Memory usage increasing with each epoch

I’m having a problem where memory usage is gradually increasing with each epoch when training large neural networks with Flux (v0.14.22) and CUDA (v5.5.2). At the same time, training appears to get progressively slower as the memory usage grows. When this slowdown occurs, I observe that my GPU is being used much less effectively. For example, at the start of training I will see a constant usage of around 70%, which drops to 40% after a few epochs.

Upon further investigation, I found that this problem only seems to affect convolutional networks, while vision transformers are largely unaffected. In an attempt to track down the issue, I created the following MWE:

using Flux, Metalhead, Random, Statistics, CUDA, cuDNN, Match
using Pipe: @pipe

function build_model(config::Symbol)
	@match config begin
		:ResNet => Flux.Chain(
			Metalhead.ResNet(18).layers[1], 
			Flux.GlobalMeanPool(),
			Flux.MLUtils.flatten, 
			Flux.Dense(512 => 1, sigmoid))
		:MobileNet => Flux.Chain(
			Metalhead.MobileNetv3(:small).layers[1], 
			Flux.GlobalMeanPool(),
			Flux.MLUtils.flatten, 
			Flux.Dense(576 => 1024, hardswish),
			Flux.Dropout(0.2),
			Flux.Dense(1024 => 1, sigmoid))
		:ViT => Flux.Chain(
			Metalhead.ViT(:tiny, pretrain=false, patch_size=(16,16)).layers[1], 
			Flux.LayerNorm(192),
			Flux.Dense(192 => 1, Flux.sigmoid))
	end
end

loss(model, x, y) = @pipe model(x) |> Flux.binarycrossentropy(_, y)

free_memory() = round(Sys.free_memory() / 2^30, digits=2)

imgs = rand(Float32, 224, 224, 3, 10000)
labels = rand([0.0f0, 1.0f0], 1, 10000)

μ = mean(imgs, dims=(1, 2, 4))
σ = std(imgs, dims=(1, 2, 4))
norm_imgs = (imgs .- μ) ./ σ

data = Flux.DataLoader((norm_imgs, labels), batchsize=16, shuffle=true, buffer=true)
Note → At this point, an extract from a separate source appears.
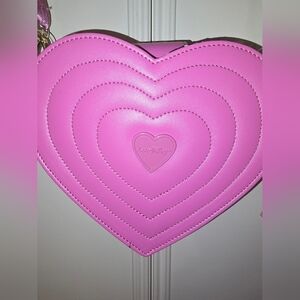 Pink Heart Crossbody Bag – Stylish Women’s Bag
model = build_model(:ViT) |> Flux.gpu
	
opt = Flux.Optimisers.Adam()
opt_state = Flux.Optimisers.setup(opt, model)

for epoch in 1:10
	for (x, y) in CUDA.CuIterator(data)
		grads = Flux.gradient(m -> loss(m, x, y), model)
		Flux.Optimisers.update!(opt_state, model, grads[1])
	end
	@info free_memory()
end

Here’s the results for each of the different model architectures:

ViT:
46.99
47.0
46.96
46.93
46.91
46.88
46.89
46.94
46.86
46.7

ResNet18:
42.13
41.74
41.44
41.08
40.7
40.38
40.04
39.66
39.36
38.97

MobileNet:
37.89
37.02
36.28
35.42
34.62
33.88
33.04
32.25
31.45
30.65

As we can see, memory usage under ViT remains fairly constant throughout the training process, while ResNet18 and MobileNet both show a significant increase as training progresses. It looks like I’m not the first person to report this issue, but none of the proposed solutions appear to be working for me. Does anyone have any ideas what could be causing this?
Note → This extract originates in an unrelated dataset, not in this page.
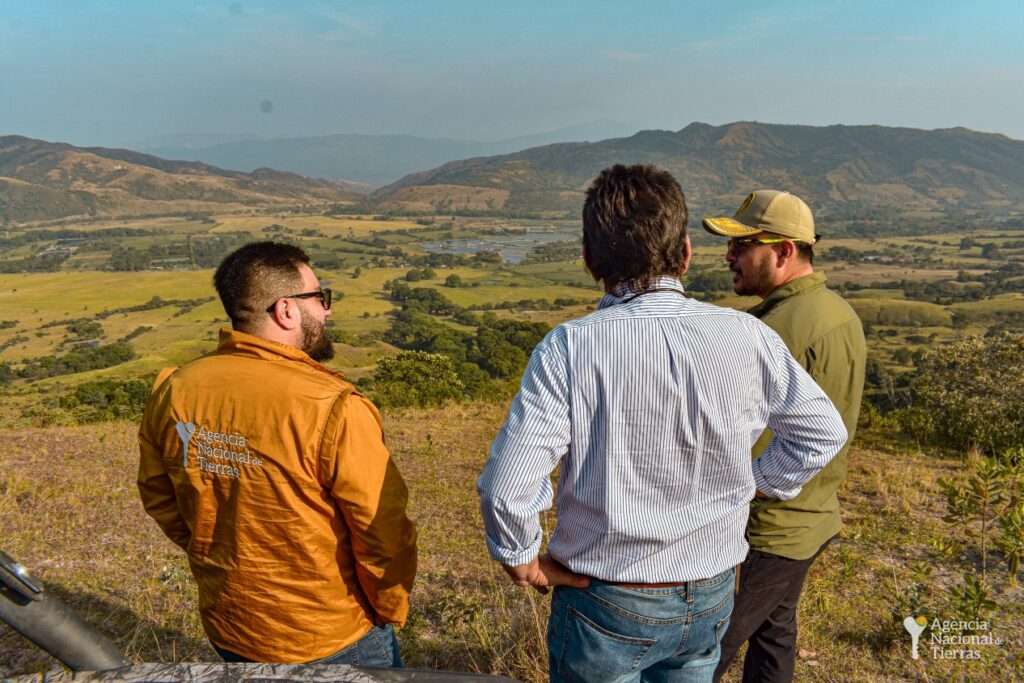 Director de la ant junto a coordinador regional de la agencia en el Huila observando terrenos del proyecto hidroelectrico el Quimbo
This is a recurring problem with Flux and Julia in general. You can see similar topics here:

There can be few problems.

  • If you have type instability, it consumes memory.
  • Sometimes, you keep julia compiling new version of the same function. This happens usually when you do something like cat(x...) where x is an array or tuple of different length.
  • The, there might not be enough. pressure on GC. Try to run GC.gc() after every iteration. It will be slow, but the memory will not grow, you will see that this solves the problem.
2 Likes

Might be Unrelated try-catch causes CUDA arrays to not be freed · Issue #52533 · JuliaLang/julia · GitHub

There might not be enough pressure on GC. Try to run GC.gc() after every iteration. It will be slow, but the memory will not grow, you will see that this solves the problem.

I tried running GC.gc(); CUDA.reclaim() after every 100 steps, but it makes no difference. Memory continues to grow at the same rate as before.
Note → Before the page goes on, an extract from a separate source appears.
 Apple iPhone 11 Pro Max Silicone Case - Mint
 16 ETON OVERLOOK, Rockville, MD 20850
Might be Unrelated try-catch causes CUDA arrays to not be freed · Issue #52533 · JuliaLang/julia · GitHub

I also tried removing logging with the same result. As I said, the problem only occurs with CNNs, not with transformers, while I think this issue would affect both.

setting environment variables like this

ENV["JULIA_CUDA_HARD_MEMORY_LIMIT"] = "3.0GiB"

or

ENV["JULIA_CUDA_SOFT_MEMORY_LIMIT"] = "3.0GiB"

can mitigate the issue

I tried again with a soft memory limit, but the results are the same as before. Here’s what happens to free memory with ResNet 18:

46.01
45.76
45.36
44.96
44.71
44.09
43.81
43.51
43.15
42.82

As we can see, the memory usage has grown by over 3GB after 6,250 steps, which is essentially identical to the previous result.

If I extrapolate these results to the dataset I’m trying to use, which contains around 1,000,000 samples, this results in a growth of around 30GB every epoch.

Depending on what’s causing the memory growth, I don’t think it can be extrapolated in such a way. For example, this could be CUDNN cache locking prevents finalizers resulting in OOMs · Issue #1461 · JuliaGPU/CUDA.jl · GitHub resurfacing.

For next steps, I would double-check that adding a hard mem limit + GC.gc(false) every 10ish steps doesn’t help memory usage. Another thing to do would be putting the training loop in its own function (ensuring that having these global vars or the loss function closure being re-created do not cause problems). If none of the above combined makes a difference, then there’s a deeper issue.

I’ve tried your suggestions by running Julia with julia --heap-size-hint=0.1G and modifying the training loop like so:

function train!(model, opt_state, data)
	for (i, (x, y)) in enumerate(CUDA.CuIterator(data))
		# Update Step
		step!(model, opt_state, x, y)
		
		# Free Memory
		if (i % 10) == 0
			GC.gc(false)#; CUDA.reclaim()
		end
	end
end

function step!(model, opt_state, x, y)
	grads = Flux.gradient(m -> Flux.binarycrossentropy(m(x), y), model)
	Flux.Optimisers.update!(opt_state, model, grads[1])
end

function train()
	# Construct Model
	model = build_model(:ResNet) |> Flux.gpu;
	
	# Initialize Optimizer
	opt = Flux.Optimisers.Adam()
	opt_state = Flux.Optimisers.setup(opt, model)

	# Train For 10 Epochs
	for epoch in 1:10
		train!(model, opt_state, data) # Train Model
		@info free_memory() # Log Free Memory
	end
end

train()

However, the results are exactly the same.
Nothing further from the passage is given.